Civil investigations down

For example, in 2013 the Agency conducted only 103 civil investigations, less than half the 237 conducted in 2012 and also well under the totals in each year from 2009 to 2011.   Civil investigations are “extraordinary, detailed assessments of a regulated entity’s compliance status,” according to the EPA.  These inspections require significantly more time to complete than a typical compliance inspection (i.e., several weeks as compared with one or a few days). 

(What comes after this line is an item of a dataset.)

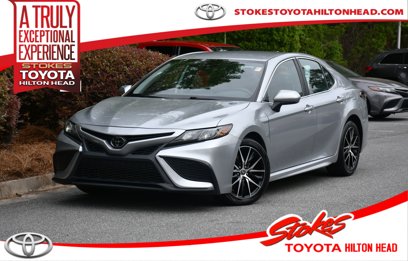 Certified 2023 Toyota Camry SE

Investigations may be warranted when an earlier inspection or record review suggests the potential for serious, widespread, and/or continuing civil or criminal violations, from a continuing pattern of citizen complaints, or from referrals from another agency.  It is important for companies to consider the implications of the decrease in EPA civil inspections.  For example, if a facility was not subjected to an EPA civil inspection even though it was the object of citizen complaints, does this increase the likelihood of a state inspection or a civil investigation by the EPA in 2014? 

Deepwater settlement

Not counting civil investigations, in 2013, the EPA conducted about 18,000 inspections/evaluations, down from about 20,000 in 2012.  Of the $1.1 billion in administrative and civil judicial penalties the EPA collected in 2013, $1 billion came from the Transocean settlement.  Under the RESTORE Act, $800 million of that settlement went to the Gulf Coast Restoration Trust Fund.  In addition, Deepwater Horizon generated $4 billion in criminal fines and restitution, of which $3 billion will fund coastal protection/restoration and spill prevention work.  Apart from Deepwater Horizon, criminal fines and restitution totaled $187 million in 2013. 

More stats

Here are additional statistics reported by the EPA for 2013:

  • 2,418 civil enforcement cases were initiated and 2,489 concluded.  This compares to about 3,000 cases initiated/concluded in 2012.  Again, the EPA says its emphasis in 2013 was on “larger, more complex, risk based enforcement cases, leading to significant environmental and health gains.”
  • Under Superfund, private parties committed to more than $1.2 billion for cleanup, compared to $668 million in 2012 and $3.1 billion in 2011.
  • As a result of enforcement, companies were required to invest more than $7 billion in actions and equipment to control pollution, about $1 billion less than in 2012.
  • Supplemental environmental projects (SEPs) were valued at $22 million, compared to $44 million in 2012.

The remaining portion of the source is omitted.